Re: Missing functions in XQuery 1.0 and XPath 2.0 Functions and O perators from Erik Bruchez on 2003-10-14 (public-qt-comments@w3.org from October 2003)

From: Erik Bruchez <erik@bruchez.org>
Date: Tue, 14 Oct 2003 12:46:39 -0700
To: "Kay, Michael" <Michael.Kay@softwareag.com>, public-qt-comments@w3.org
Message-ID: <3F8C529F.2020201@bruchez.org>

 > Obviously there are hundreds (thousands!) of functions that we could
 > have included but have not. We have consciously tried to keep the
 > library as small as possible, and in fact some people complain that
 > it is already much too large compared with XPath 1.0.

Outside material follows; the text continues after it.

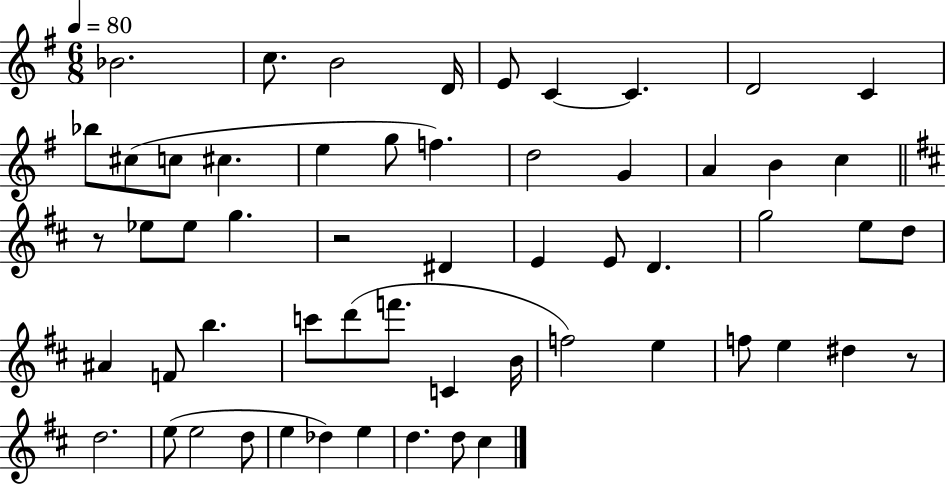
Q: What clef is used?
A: treble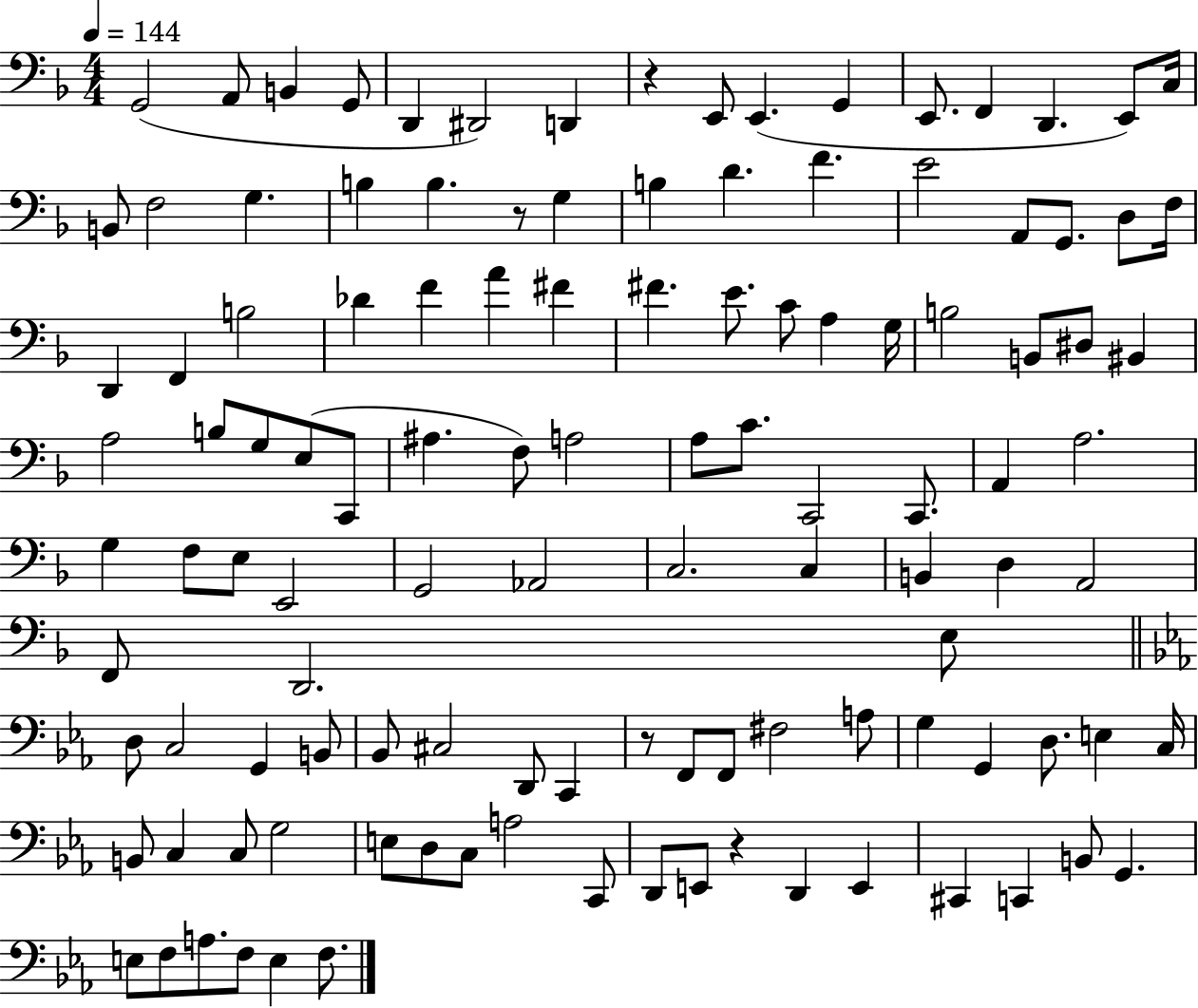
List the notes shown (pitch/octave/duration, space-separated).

G2/h A2/e B2/q G2/e D2/q D#2/h D2/q R/q E2/e E2/q. G2/q E2/e. F2/q D2/q. E2/e C3/s B2/e F3/h G3/q. B3/q B3/q. R/e G3/q B3/q D4/q. F4/q. E4/h A2/e G2/e. D3/e F3/s D2/q F2/q B3/h Db4/q F4/q A4/q F#4/q F#4/q. E4/e. C4/e A3/q G3/s B3/h B2/e D#3/e BIS2/q A3/h B3/e G3/e E3/e C2/e A#3/q. F3/e A3/h A3/e C4/e. C2/h C2/e. A2/q A3/h. G3/q F3/e E3/e E2/h G2/h Ab2/h C3/h. C3/q B2/q D3/q A2/h F2/e D2/h. E3/e D3/e C3/h G2/q B2/e Bb2/e C#3/h D2/e C2/q R/e F2/e F2/e F#3/h A3/e G3/q G2/q D3/e. E3/q C3/s B2/e C3/q C3/e G3/h E3/e D3/e C3/e A3/h C2/e D2/e E2/e R/q D2/q E2/q C#2/q C2/q B2/e G2/q. E3/e F3/e A3/e. F3/e E3/q F3/e.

I guess the approach I would have chosen would have been to look at
existing libraries, for example the Java String and Pattern/Matcher
classes, and try to match the functionality available there (which is
there most of the time for a reason).

 > With string handling functions, we have been guided by experience
 > with XPath 1.0. There are a few things that XPath 1.0 users find
 > difficult to achieve, and we have plugged most of these gaps. In my
 > experience most of the use cases for indexOf() in Java are so that
 > you can then use substring() to do the equivalent of XPath's
 > substring-before() and substring-after().

While substring-before() and substring-after() are useful and mirror
each other, they both start searching at the beginning of the
string. Java's lastIndexOf() starts searching at the end of the
string. I am not particularly looking for functions returning the
position of the searched substring, and I would be happy to have a
substring-before() and substring-after() that can also start from the
end of the string. In my experience cases where you need to search
from the end are almost as frequent as cases where you need to search
from the beginning.

 >>2) A regexp function that simply returns a sequence of matching
 >>groups. I know that XSLT 2.0 provides xsl:analyze-string which
 >>provides advanced matching functionality, but given the presence of
 >>fn:matches, fn:replace and fn:tokenize in XPath, there is room for
 >>such a function in XPath itself.
 >
 > Can you provide a use case?

Sure. Let's say my regexp is:

   "/some-path/([0-9]*)/xyz/([0-9]*)"

I want to extract the first group and the second group. Java's Matcher
class gives you access to the matched groups by index, e.g. if my
input string is "/some-path/1234/xyz/12", the first group will return
"1234" and the second group "12". In Java you access them with
matcher.group(0) and matcher.group(1).

The function would looke like this:

fn:matching-groups($input as xs:string?,
                    $pattern as xs:string) as xs:string*

 >>3) There is fn:escape-uri, but no unescape-uri. Java for example
 >>provides an URLDecoder and an URLEncoder.
 >
 > This has been requested before, but I'm not aware of any context
 > where unescaped URIs (which are not URIs at all, of course) are
 > needed. Do you know of such a context?

The idea is to be able to decode an already encoded ("escaped" in the
current terminology) URI. If you receive a query string from a Web
browser, you may need to decode its parameters. Typically this task is
done by your Web server, but your application may happen to have to
handle non-decoded URI parameters. In addition to this, there is a
reason of symmetry: if you provide a function to encode, you may as
well provide a function to decode.

-Erik

Received on Tuesday, 14 October 2003 15:46:49 UTC